Johann Adam Woldemar Pruss (1875–1935) was a Russian military doctor of Latvian and Lithuanian origin. He served in the Grand Duchy of Finland, headed the Helsinki Military Hospital and took part in the Russian Civil War as a member of the White Army.

He was born in a German-speaking Lutheran family of Baltic origin in Viciebsk, Russian Empire. His father, Heinrich Adolph Pruss, was a Prussian Lithuanian from Skomentnen, Lyck District, East Prussia, where his father Carl Pruss worked as a teacher and ran an insurance company. He immigrated to what is now Belarus and worked as a railway station master. Woldemar Pruss's mother Anna Elizabete Priede was Latvian, her father Kārlis Vilhelms Priede was a boatswain in Riga.

Pruss was the oldest of 13 siblings, 8 of whom survived infancy. After graduating from a classical gymnasium in Viciebsk in 1893, he studied at the Imperial Military Medical Academy in Saint Petersburg until 1899. Between the years 1899 and 1904, he served as a military doctor in Płock, Viciebsk and Barysaw. In 1904, he was sent to the Russo-Japanese War and served in Port Arthur.

Shortly after the end of the war, he went to Saint Petersburg, where he met and soon married Charlotte von Morr, daughter of Jacob Morr, a pedagogue of Baltic German and Latvian ancestry who later headed the Tsarskoye Selo Gymnasium.

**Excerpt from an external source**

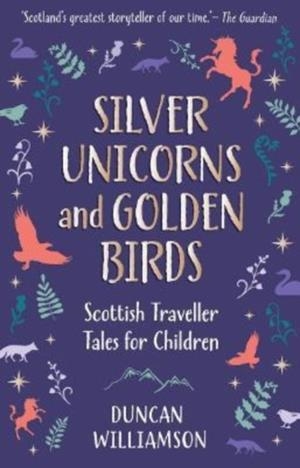 SILVER UNICORNS AND GOLDEN BIRDS | 9781782508199 | WILLIAMSON, DUNCAN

Between 1906 and 1912, Pruss attained another degree from the Imperial Military Medical Academy and briefly studied in Berlin. In 1913, he published a short book in Russian entitled Sanitary Service in Battle. Shortly afterwards, he was appointed to the First Finnish Infantry Regiment stationed in Turku as its senior military doctor. During World War I, he served in Vyborg and Daugavpils. In 1917, he was appointed chief medical officer of the Helsinki Military Hospital. Between the years 1919 and 1920, he served as an assistant head of the sanitary department of the Northern Army's Murmansk district.

In 1920, he moved to Tallinn, Estonia, where he worked as a civil paramedic and became friends with the Soviet ambassador Leonid Stark. A letter by Stark confirming Pruss's "ideologically correct" views and loyalty, which has been preserved by a Saint Petersburg archive, likely helped him avoid persecution after his return to the USSR in 1923.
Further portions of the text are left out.